> **Directions for this task**
From the entries, copy each line that includes "liquide".

Collected data entries:
[Start of section]

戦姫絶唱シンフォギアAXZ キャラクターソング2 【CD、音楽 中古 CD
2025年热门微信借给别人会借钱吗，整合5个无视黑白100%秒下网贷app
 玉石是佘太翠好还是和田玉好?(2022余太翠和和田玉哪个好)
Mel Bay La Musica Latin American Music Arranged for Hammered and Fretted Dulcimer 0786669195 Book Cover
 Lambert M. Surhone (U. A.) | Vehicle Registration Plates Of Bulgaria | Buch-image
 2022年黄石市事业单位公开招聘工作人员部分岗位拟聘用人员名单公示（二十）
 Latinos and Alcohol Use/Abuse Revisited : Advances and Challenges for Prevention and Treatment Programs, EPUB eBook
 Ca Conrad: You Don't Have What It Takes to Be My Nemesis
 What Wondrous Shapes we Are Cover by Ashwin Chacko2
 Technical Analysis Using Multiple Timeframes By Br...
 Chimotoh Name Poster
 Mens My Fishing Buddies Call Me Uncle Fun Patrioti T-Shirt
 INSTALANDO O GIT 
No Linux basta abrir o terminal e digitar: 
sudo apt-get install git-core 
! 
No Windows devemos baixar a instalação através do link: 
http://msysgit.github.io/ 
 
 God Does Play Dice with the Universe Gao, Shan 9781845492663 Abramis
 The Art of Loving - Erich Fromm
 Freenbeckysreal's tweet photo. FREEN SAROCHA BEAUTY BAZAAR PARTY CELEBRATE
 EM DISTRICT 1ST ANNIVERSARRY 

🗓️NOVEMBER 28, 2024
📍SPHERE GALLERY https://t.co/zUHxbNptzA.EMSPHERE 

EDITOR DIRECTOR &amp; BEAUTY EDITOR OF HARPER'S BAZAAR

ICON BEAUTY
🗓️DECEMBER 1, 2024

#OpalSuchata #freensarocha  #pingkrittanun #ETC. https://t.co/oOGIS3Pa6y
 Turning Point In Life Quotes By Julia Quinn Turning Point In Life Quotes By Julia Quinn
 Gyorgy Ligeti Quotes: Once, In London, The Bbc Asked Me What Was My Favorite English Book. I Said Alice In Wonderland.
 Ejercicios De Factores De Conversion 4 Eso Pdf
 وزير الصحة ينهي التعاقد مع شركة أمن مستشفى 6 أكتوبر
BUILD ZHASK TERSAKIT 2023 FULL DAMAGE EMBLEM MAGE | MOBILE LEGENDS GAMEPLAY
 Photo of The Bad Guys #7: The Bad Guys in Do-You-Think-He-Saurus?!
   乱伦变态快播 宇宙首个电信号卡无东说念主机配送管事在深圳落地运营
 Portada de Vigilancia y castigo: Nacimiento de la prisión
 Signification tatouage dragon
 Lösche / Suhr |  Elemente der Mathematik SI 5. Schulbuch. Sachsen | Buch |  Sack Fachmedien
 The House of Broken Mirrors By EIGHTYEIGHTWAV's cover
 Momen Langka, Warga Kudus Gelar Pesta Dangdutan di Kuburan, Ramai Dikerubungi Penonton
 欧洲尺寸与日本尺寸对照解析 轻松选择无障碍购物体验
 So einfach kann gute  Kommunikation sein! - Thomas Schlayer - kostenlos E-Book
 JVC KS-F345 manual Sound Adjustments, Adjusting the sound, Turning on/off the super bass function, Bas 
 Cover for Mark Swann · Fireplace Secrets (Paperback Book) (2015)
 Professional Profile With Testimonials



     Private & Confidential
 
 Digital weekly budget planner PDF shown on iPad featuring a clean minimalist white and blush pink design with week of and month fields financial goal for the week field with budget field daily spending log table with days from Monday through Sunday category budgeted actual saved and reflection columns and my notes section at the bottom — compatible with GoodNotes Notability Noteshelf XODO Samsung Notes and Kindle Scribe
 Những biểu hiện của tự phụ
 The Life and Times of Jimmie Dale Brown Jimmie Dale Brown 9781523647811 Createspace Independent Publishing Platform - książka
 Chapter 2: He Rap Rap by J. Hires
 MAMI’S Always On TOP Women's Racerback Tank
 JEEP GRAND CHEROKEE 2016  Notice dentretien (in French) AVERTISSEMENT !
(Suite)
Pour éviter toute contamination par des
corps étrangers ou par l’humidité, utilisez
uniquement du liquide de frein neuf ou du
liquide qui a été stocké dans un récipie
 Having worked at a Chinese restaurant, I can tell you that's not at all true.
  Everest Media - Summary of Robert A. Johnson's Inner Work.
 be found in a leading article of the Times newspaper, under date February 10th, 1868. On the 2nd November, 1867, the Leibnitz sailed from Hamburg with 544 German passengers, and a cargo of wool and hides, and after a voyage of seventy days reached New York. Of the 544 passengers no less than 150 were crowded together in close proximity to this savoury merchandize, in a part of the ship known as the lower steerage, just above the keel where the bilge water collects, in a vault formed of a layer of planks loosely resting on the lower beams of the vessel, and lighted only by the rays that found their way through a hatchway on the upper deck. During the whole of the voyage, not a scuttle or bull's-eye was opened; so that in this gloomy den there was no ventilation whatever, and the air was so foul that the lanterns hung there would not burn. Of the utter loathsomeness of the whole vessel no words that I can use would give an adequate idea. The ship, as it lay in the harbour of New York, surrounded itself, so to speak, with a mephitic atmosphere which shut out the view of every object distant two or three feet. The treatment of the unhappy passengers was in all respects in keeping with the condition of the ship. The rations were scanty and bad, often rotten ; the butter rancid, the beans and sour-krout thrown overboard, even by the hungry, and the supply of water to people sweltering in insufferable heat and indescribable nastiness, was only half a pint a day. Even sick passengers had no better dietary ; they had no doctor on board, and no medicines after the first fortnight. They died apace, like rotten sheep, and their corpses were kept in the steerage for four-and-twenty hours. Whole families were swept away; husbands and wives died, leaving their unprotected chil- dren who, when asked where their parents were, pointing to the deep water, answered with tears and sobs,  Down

[End of section]

> **Task answer**
uniquement du liquide de frein neuf ou du
liquide qui a été stocké dans un récipie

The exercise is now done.